# Gar balls



## P (Nov 18, 2012)

Who has a good gar ball recipe to share with me


----------



## Category6 (Nov 21, 2007)

Take your gar straps and wrap in cheesecloth and boil until firm and white. Then remove any connective tissue and flake all the meat and set aside. Boil some skinned new potatoes for an equal amount as the gar meat and mash thoroughly. Chop up around a couple tablespoons green onion tops per pound of gar. Mix it all together with some salt and cayenne pepper, or better yet Slap Yo Mamma crawfish boil to taste depending on how spicy you like it, but be careful.
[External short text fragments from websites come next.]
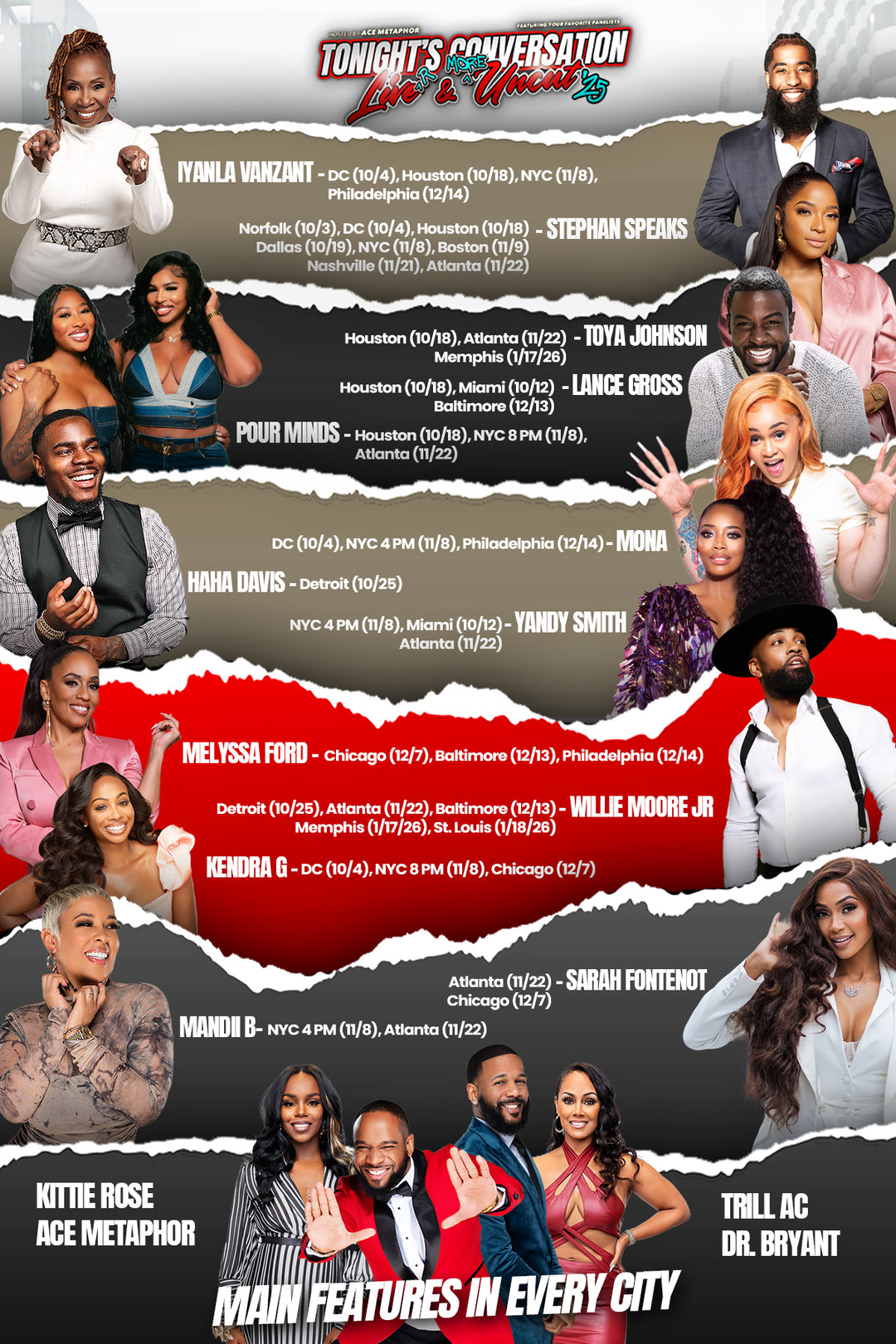 Tonight's Conversation: LIVE-ER & MORE UNcut '25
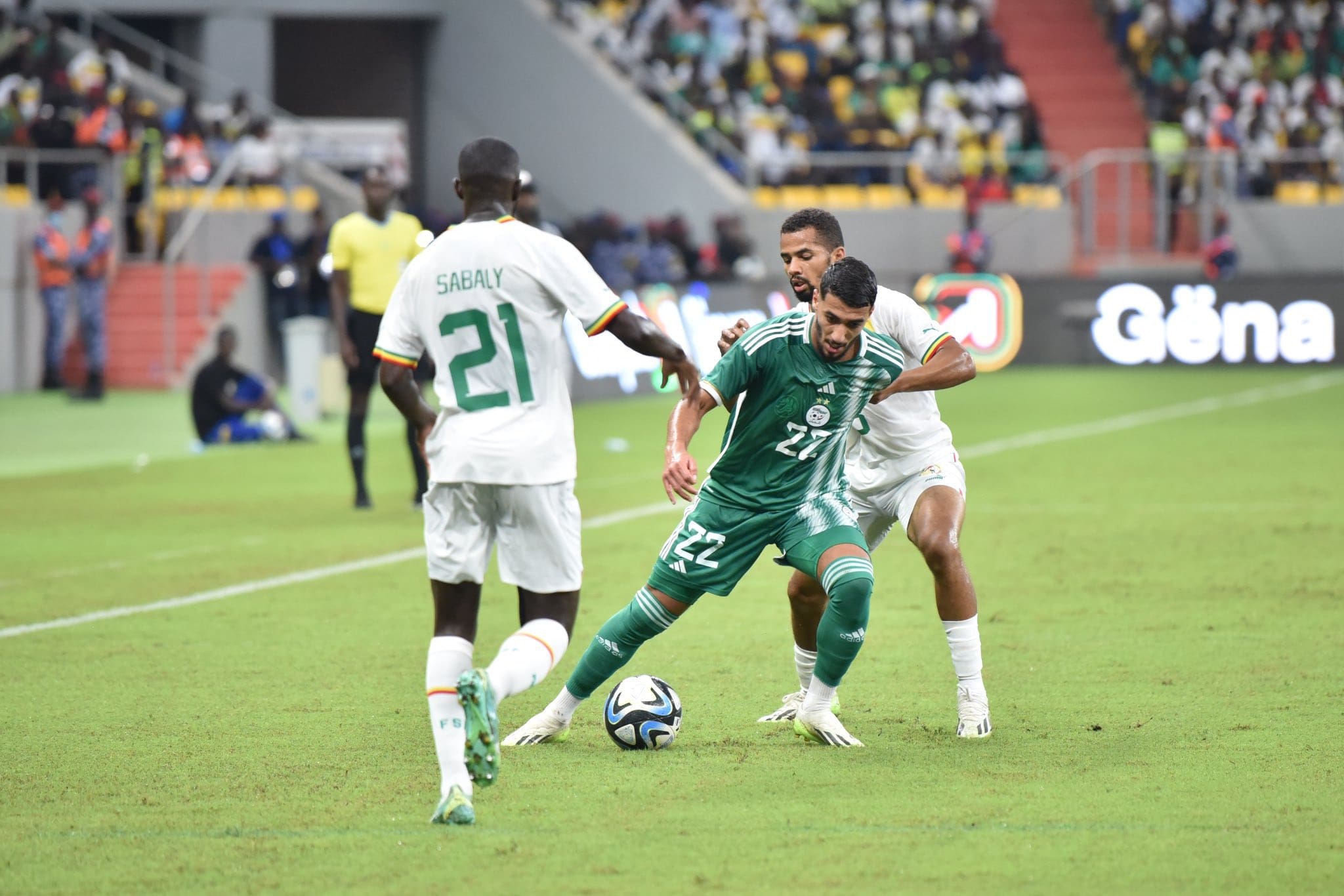 Sénégal: Première défaite des Lions face aux Fennecs au stade Me Abdoulaye Wade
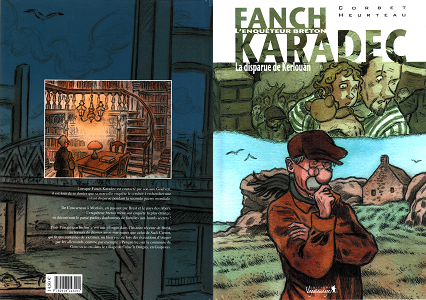 Fanch Karadec - Tome 3 - La Disparue de Kerlouan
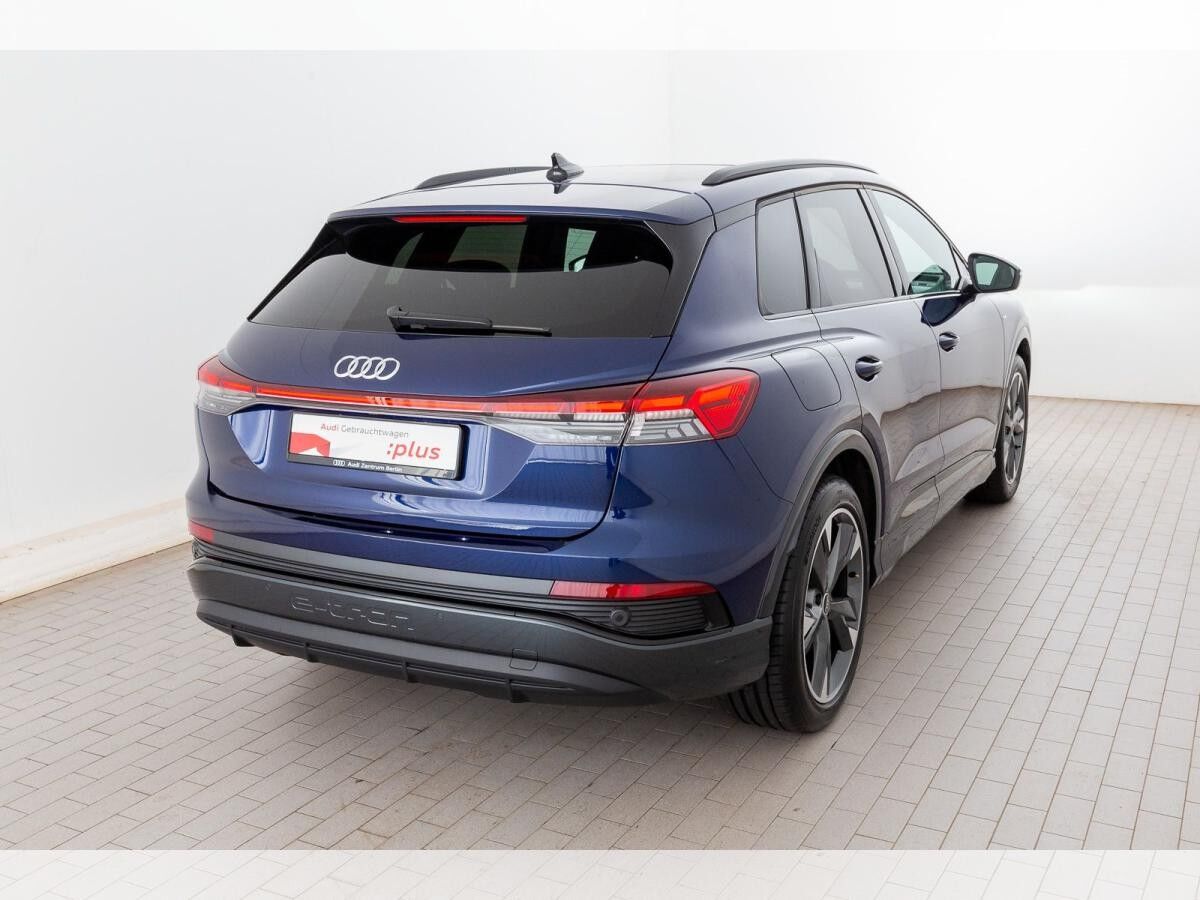 Audi Q4 e-tron 35 AHK PDC 360°K NAVI HUD PANO VIRTUAL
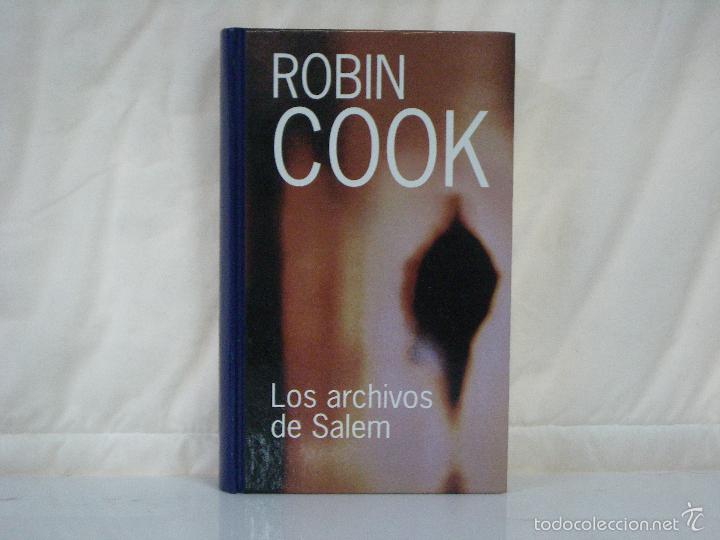 Libros: LOS ARCHIVOS DE SALEM *** ROBIN COOK *** - Foto 1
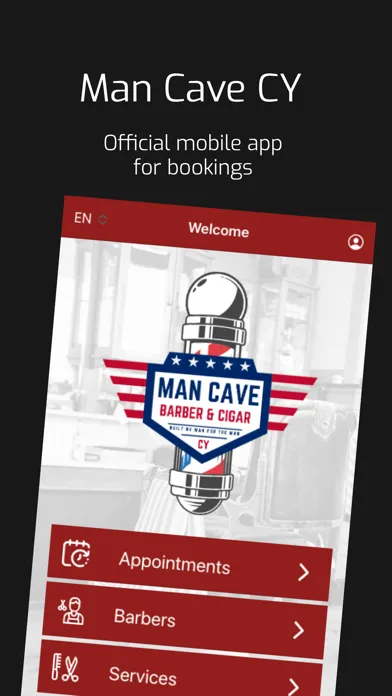 Zrzuty ekranu Man Cave CY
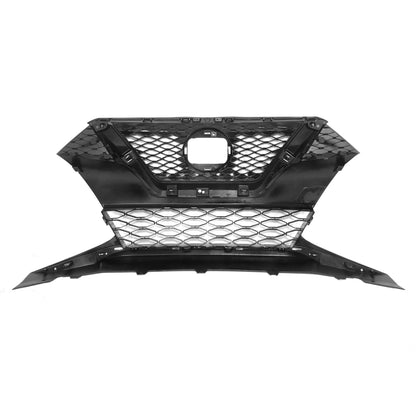 PARRILLA GRILLE - DS MAXMA 16-18/19-22/ GRILLE ASS'Y 19-20/ PAINTED BLACK/ W/O PREMIUM PKG (SR)//PARTS.NO,NI1200298//OEM NO,623109DJ0B
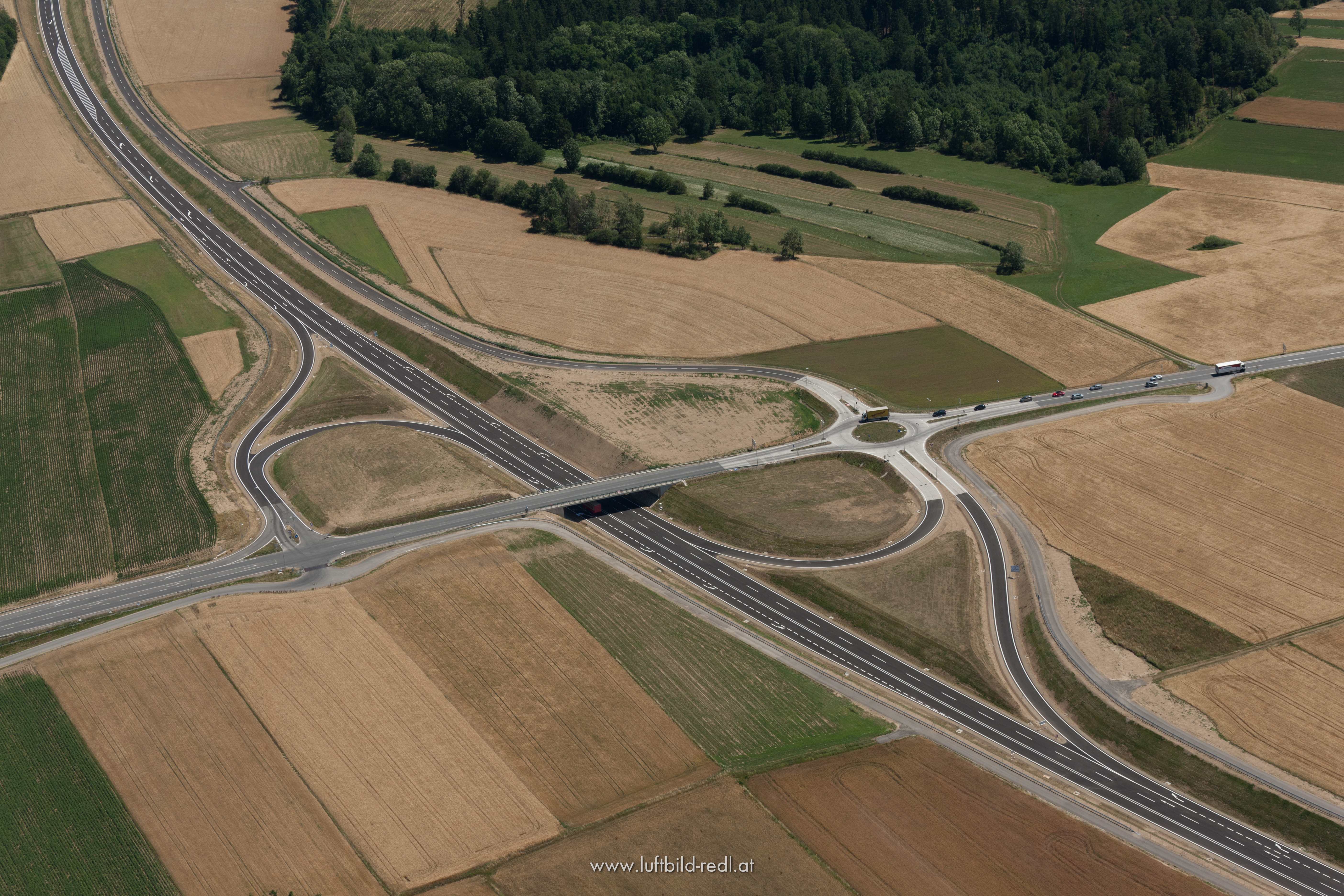 Umfahrung Zwettl - Construcția de drumuri & poduri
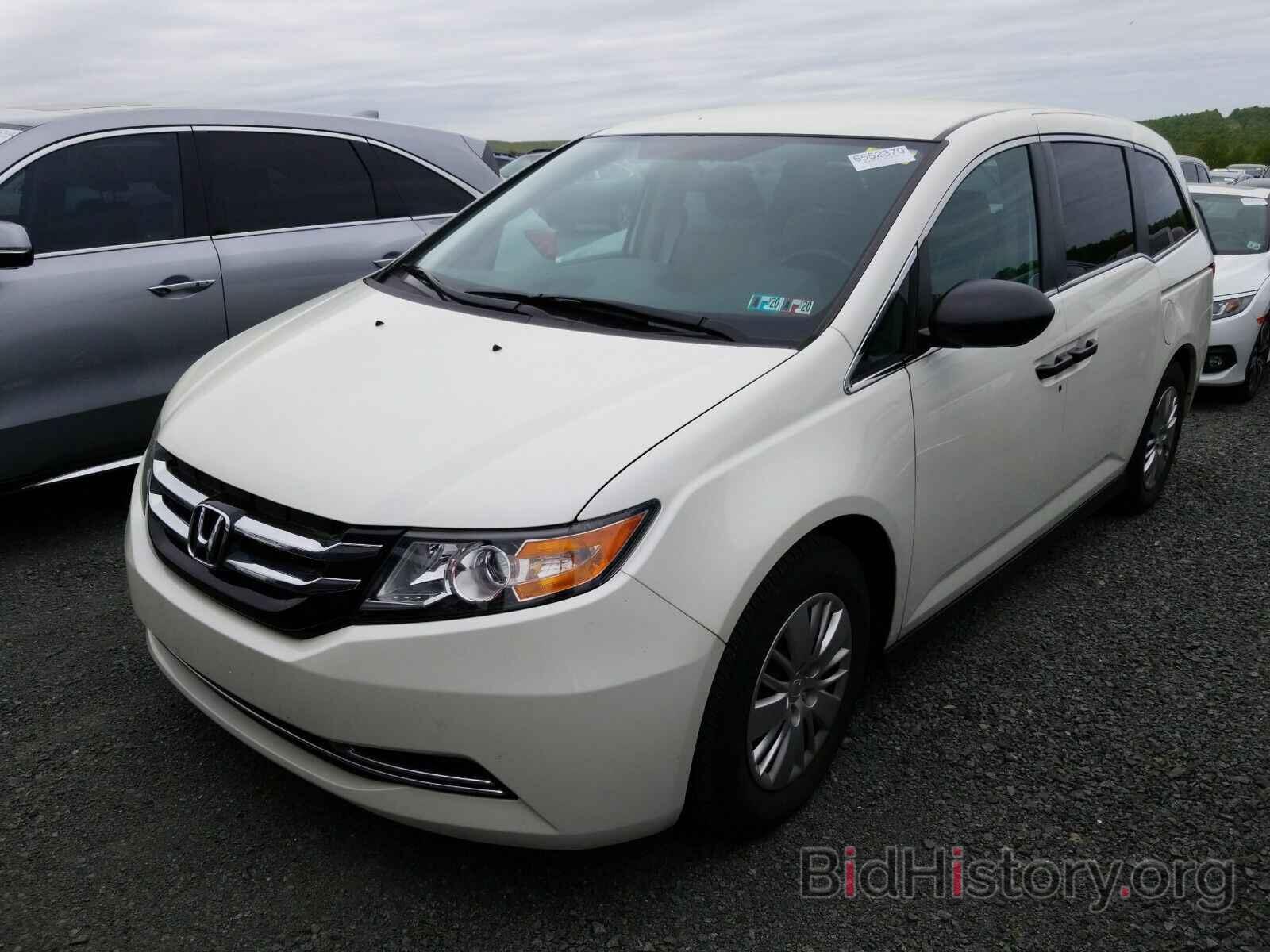 Photo 5FNRL5H27GB072214 - Honda Odyssey 2016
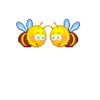 abeilles coeur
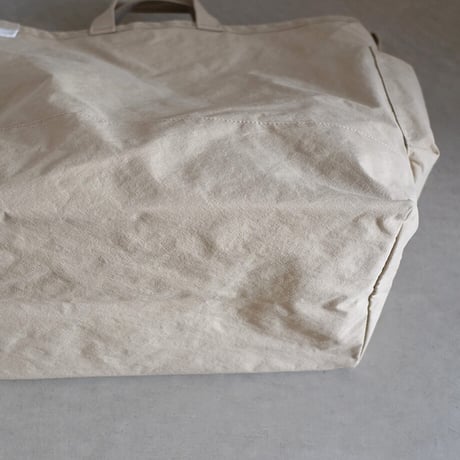 "SIDE POCKET" TOTE　SAND　NO.7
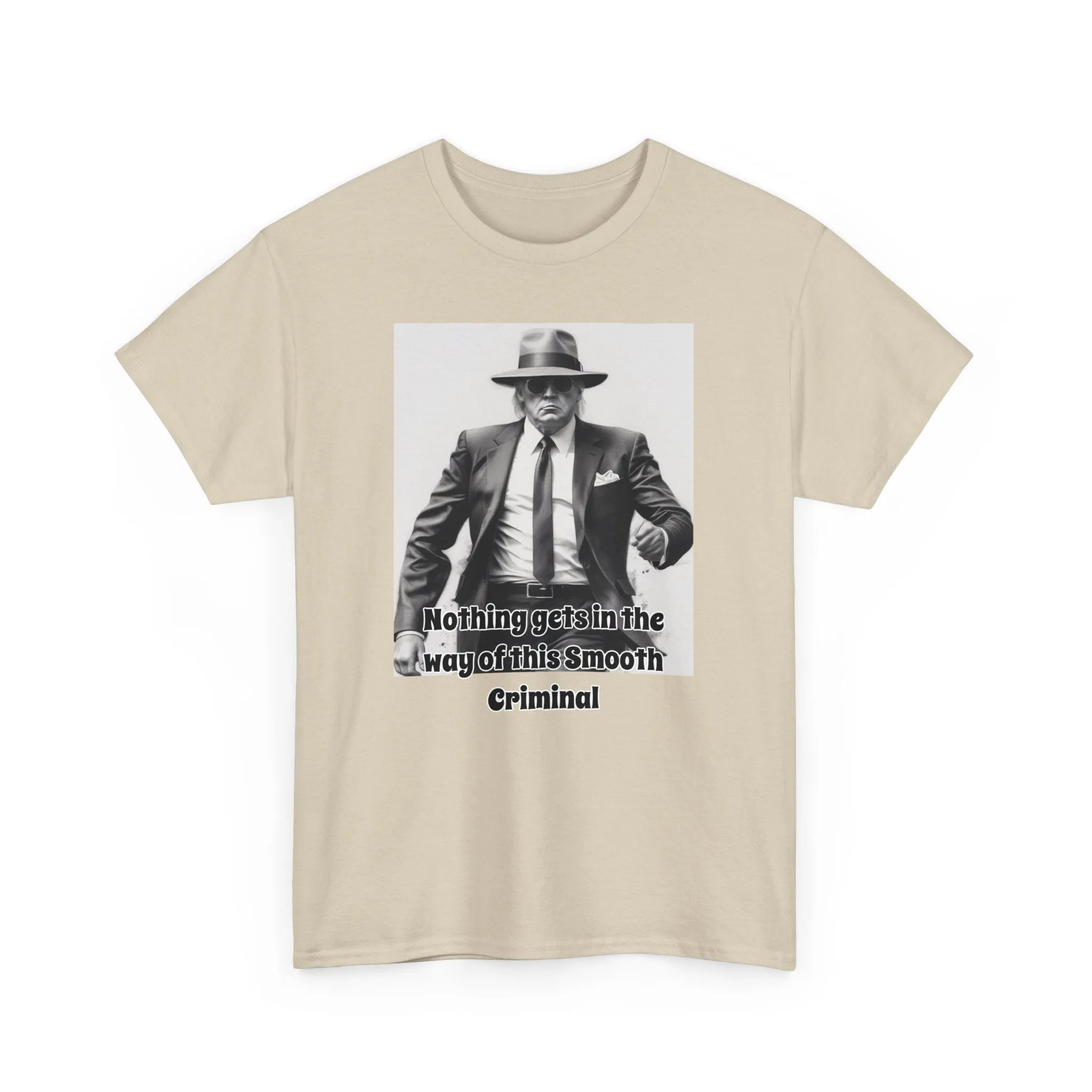 Smooth Criminal Unisex Heavy Cotton Tee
Dredge it in milk and egg and roll it in either white corn flour or bread crumbs and fry in peanut or corn oil.


----------



## P (Nov 18, 2012)

Hey that's one ill try for sure sounds like u know wat ur doing thanks alot


----------



## Category6 (Nov 21, 2007)

I want to try it with cooked rice instead of potatoes too, but haven't yet. You can also sub a few whipped eggs and bread crumbs for the potatoes. You just need something to make it all stay together in a nice ball when you fry it. The main thing is getting all that tough connective tissue out and that kind of gristle looking stuff out, the prep takes time.


----------



## Bocephus (May 30, 2008)

Below is an awesome recipe I've used with trout & reds. I'm sure it work just as well with Gar.

http://2coolfishing.com/ttmbforum/showthread.php?t=225908&highlight=pattys


----------



## awesum (May 31, 2006)

It might work in courtbouillion too.


----------